I was in search of a powerful & economical small flashlight after losing my mag. Found this forum and $55 later I have Fenix L2D CE on the way. 

... and so it begins.

I can't wait until next week


----------



## search_and_rescue (Mar 3, 2007)

My beloved housecat went missing one night six years ago. He is not an outdoors person. My wife shook me awake at 2AM. We went frantically searching everywhere. We were desperate!!!

She drove around in the car. I went around the neighborhood with my flashlight.

Who and how did we find him? I did, using my $25 2-D Cell Maglite that I had purchased from Sportmart several months earlier. The light got dim over the course of the one-hour search, but it did its job. Thanks to MAGLITE, our son was found.







I was hooked on flashlights after that, and there has been no turning back.


----------



## Hallis (Mar 3, 2007)

search_and_rescue said:


> My beloved housecat went missing one night six years ago. He is not an outdoors person. My wife shook me awake at 2AM. We went frantically searching everywhere. We were desperate!!!
> 
> She drove around in the car. I went around the neighborhood with my flashlight.
> 
> ...



Wow i'll bet he didnt get to far. he's HUGE. I'll bet he's awesome.


----------



## search_and_rescue (Mar 3, 2007)

Thank you for that nice compliment. We are very proud of him! :lolsign:


----------



## Raptor# (Mar 4, 2007)

Hmmm. Very good question.  


I think i was something arround 12. From arround 10 on, i had always carry'd a small knife - mostly a small sak, later a small lockback folder, and a few years later the bigger version of the very same folder. So arround 12... the thought hit me: I got a knife on me every day - i need a flashlight too!
And then i got a Solitaire. My first flashlight, my first EDC-light. 

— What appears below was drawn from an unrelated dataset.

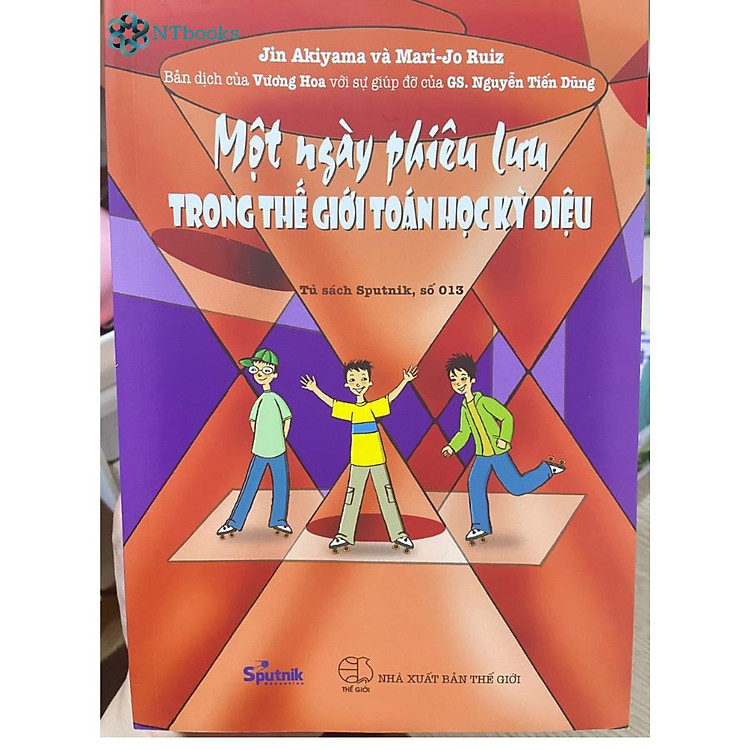 Một Ngày Phiêu Lưu Trong Thế Giới Toán Học Kỳ Diệu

But then the dark times came... someday... my solitaire leaked. Oh damned alkaline battery! I thought about getting the thing outta there, but had absolutely zero success. And i didn't wanted to buy a new one, cause i still thought im going to get the battery out. And someday i put it.. errm, somewhere. No idea. And it stayed there for about 10 years.
Hell, i didn't even carry a knife for some time.  I know, shame over me.
Arround 1 1/2 years ago, i've been shopping at a online-knifesshop... and i just happend to click on theyr flashlights. And then i saw a Photon Freedom. Thought thats nice, but before i drop that much money for a flashlight (hey! you can stop laughing now  ), i want to have some info on it. Found flashlightreviews. Here are the thoughts that i had in this moment: "WOOOOW!!! HOLY SH*T!". So many flashlights... and then it hit me like a thunderbolt of raw enlightment: I'm gonna need more than a coincell flashlight! I bought the Photon Freedom... very well knowing that over time, this will become my backup and i'm going to get a bigger light as a main EDC.

Just for Nostalgia's sake, heres a pic of my old Solitaire (with the battery still stuck... grrrr).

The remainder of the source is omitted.